July is BIPOC Mental Health Awareness Month, which serves as a call for us to join together in community, conversation, and collaboration to address the disparities in and prioritize mental health in BIPOC communities.
First, some history. Officially recognized in July 2008 as Bebe Moore Campbell National Minority Mental Health Awareness Month—Campbell having been a powerful force in mental health advocacy, particularly through her work in literature, journalism, and education—BIPOC Mental Health Month is a necessary step toward reckoning with the ways in which the overwhelmingly westernized framework of mental health support can do real damage to both the quality and availability of mental health care for historically excluded communities of color.
In honor of this, we invite you to support yourself, others, and the future of our world by:
- Learning: In our recent report, Kind Communities: Perspectives from LGBTQ+ Young People, we found 1-in-5 (or 20%) of LGBTQ+ Black young people rate their mental health as “poor” and approximately 1-in-4 (or 28%) of LGBTQ+ Transgender or non-binary BIPOC young people rate their mental health as “poor.” We invite you to learn more in the report including suggestions for how you can support your own and others’ mental health.

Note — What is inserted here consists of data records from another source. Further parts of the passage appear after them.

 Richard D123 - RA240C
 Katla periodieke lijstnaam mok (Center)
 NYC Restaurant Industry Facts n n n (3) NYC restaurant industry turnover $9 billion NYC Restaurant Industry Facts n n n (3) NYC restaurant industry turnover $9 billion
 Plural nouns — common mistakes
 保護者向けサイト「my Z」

- Finding resources for support: Our resource page consists of helplines, services, information, and other supports including a tab specifically for culturally competent care.

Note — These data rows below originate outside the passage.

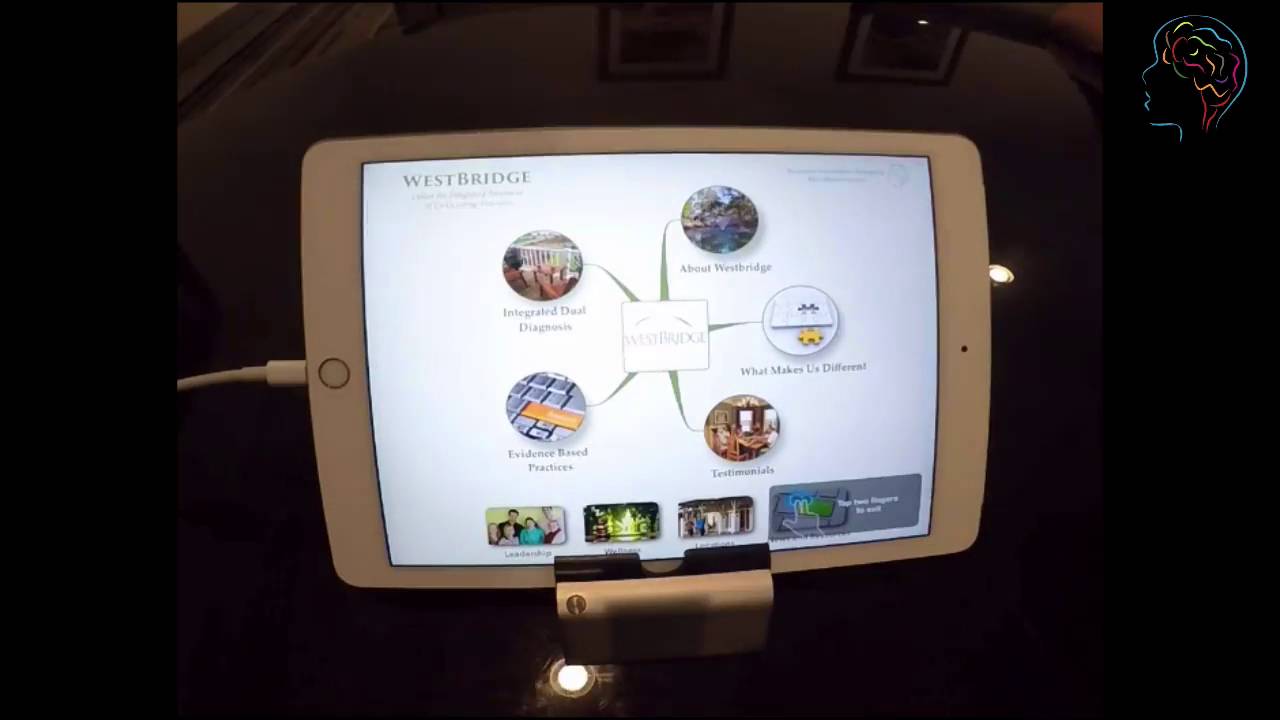 PERNiX Nonlinear Presentations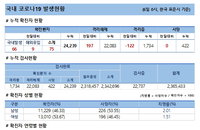 6일 코로나19 발생현황 (25명 추가)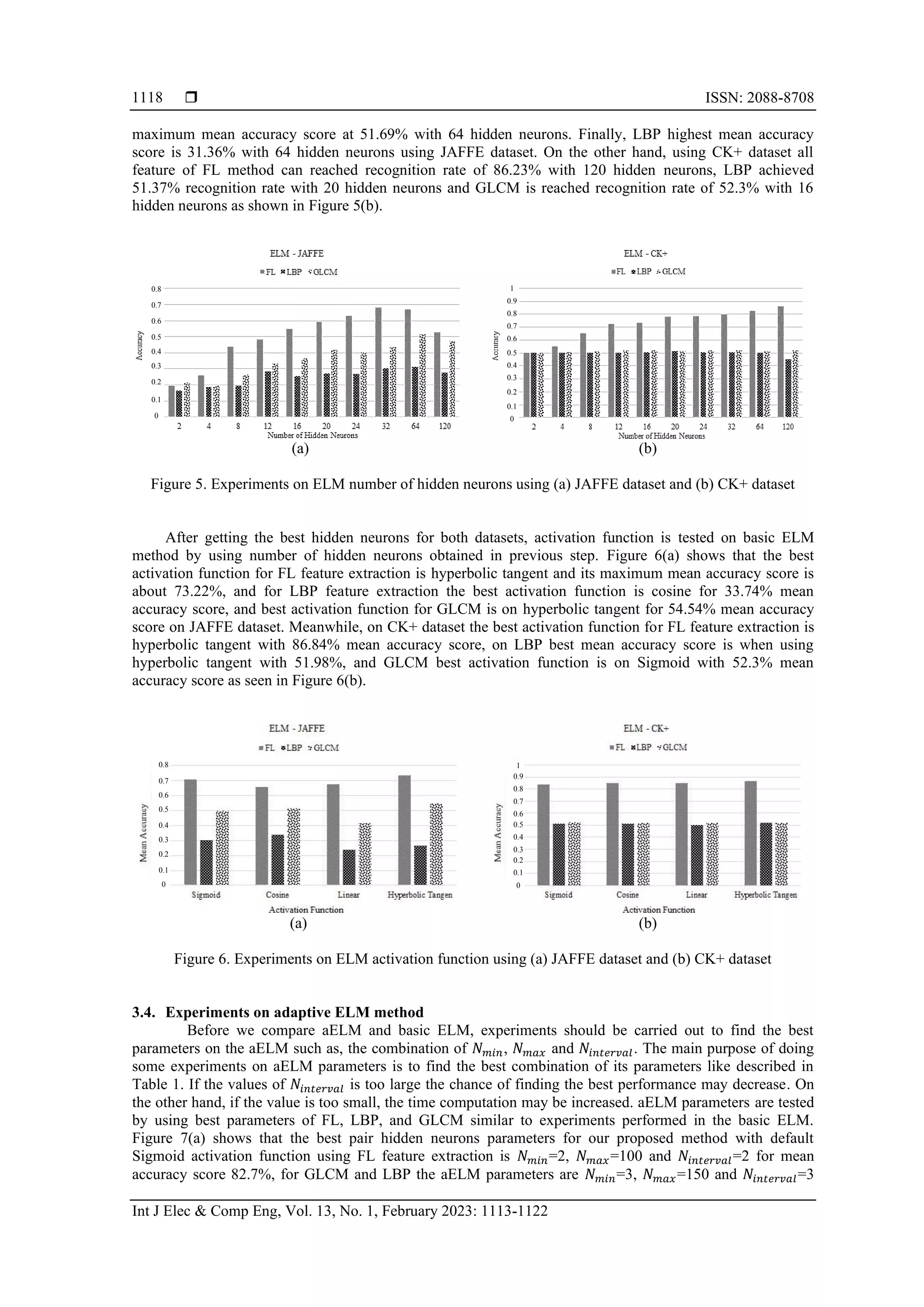  ISSN: 2088-8708
Int J Elec & Comp Eng, Vol. 13, No. 1, February 2023: 1113-1122
1118
maximum mean accuracy score at 51.69% with 64 hidden neurons. Finally, LBP highest mean accuracy
score is 31.36% with 64 hidden neurons using JAFFE dataset. On the other hand, using CK+ dataset all
feature of FL method can reached recognition rate of 86.23% with 120 hidden neurons, LBP achieved
51.37% recognition rate with 20 hidden neurons and GLCM is reached recognition rate of 52.3% with 16
hidden neurons as shown in Figure 5(b).
(a) (b)
Figure 5. Experiments on ELM number of hidden neurons using (a) JAFFE dataset and (b) CK+ dataset
After getting the best hidden neurons for both datasets, activation function is tested on basic ELM
method by using number of hidden neurons obtained in previous step. Figure 6(a) shows that the best
activation function for FL feature extraction is hyperbolic tangent and its maximum mean accuracy score is
about 73.22%, and for LBP feature extraction the best activation function is cosine for 33.74% mean
accuracy score, and best activation function for GLCM is on hyperbolic tangent for 54.54% mean accuracy
score on JAFFE dataset. Meanwhile, on CK+ dataset the best activation function for FL feature extraction is
hyperbolic tangent with 86.84% mean accuracy score, on LBP best mean accuracy score is when using
hyperbolic tangent with 51.98%, and GLCM best activation function is on Sigmoid with 52.3% mean
accuracy score as seen in Figure 6(b).
(a) (b)
Figure 6. Experiments on ELM activation function using (a) JAFFE dataset and (b) CK+ dataset
3.4. Experiments on adaptive ELM method
Before we compare aELM and basic ELM, experiments should be carried out to find the best
parameters on the aELM such as, the combination of 𝑁𝑚𝑖𝑛, 𝑁𝑚𝑎𝑥 and 𝑁𝑖𝑛𝑡𝑒𝑟𝑣𝑎𝑙. The main purpose of doing
some experiments on aELM parameters is to find the best combination of its parameters like described in
Table 1. If the values of 𝑁𝑖𝑛𝑡𝑒𝑟𝑣𝑎𝑙 is too large the chance of finding the best performance may decrease. On
the other hand, if the value is too small, the time computation may be increased. aELM parameters are tested
by using best parameters of FL, LBP, and GLCM similar to experiments performed in the basic ELM.
Figure 7(a) shows that the best pair hidden neurons parameters for our proposed method with default
Sigmoid activation function using FL feature extraction is 𝑁𝑚𝑖𝑛=2, 𝑁𝑚𝑎𝑥=100 and 𝑁𝑖𝑛𝑡𝑒𝑟𝑣𝑎𝑙=2 for mean
accuracy score 82.7%, for GLCM and LBP the aELM parameters are 𝑁𝑚𝑖𝑛=3, 𝑁𝑚𝑎𝑥=150 and 𝑁𝑖𝑛𝑡𝑒𝑟𝑣𝑎𝑙=3
1
0.9
0.8
0.7
0.6
0.5
0.4
0.3
0.2
0.1
0
1
0.9
0.8
0.7
0.6
0.5
0.4
0.3
0.2
0.1
0
0.8
0.7
0.6
0.5
0.4
0.3
0.2
0.1
0
0.8
0.7
0.6
0.5
0.4
0.3
0.2
0.1
0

- Sharing your story: When you sign up for the Channel Kindness Storytellers Club, you’ll join a free writing workshop that gives you the tools you need to tell your story, build community, and feel more comfortable expressing yourself through writing.
- Taking action: You can learn more about the history of BIPOC Mental Health Month, find ways to take action in support of the mental health of communities of color, and find a directory of resources for BIPOC communities in this guide from Mental Health America.
Building a kinder, braver world requires all of us to do so together—and the first step is ensuring we all have the respect, care, and resources we need. That means investing in accessible, equitable, and culturally and contextually informed mental health care which not only addresses but also uplifts the incredible diversity of our world. There is so much power in our kindness movement as we engage in meaningful reflection and actions taken with and for our most vulnerable communities.
Thank you for being part of our Born This Way Foundation community and for everything you do to build a kinder and braver world.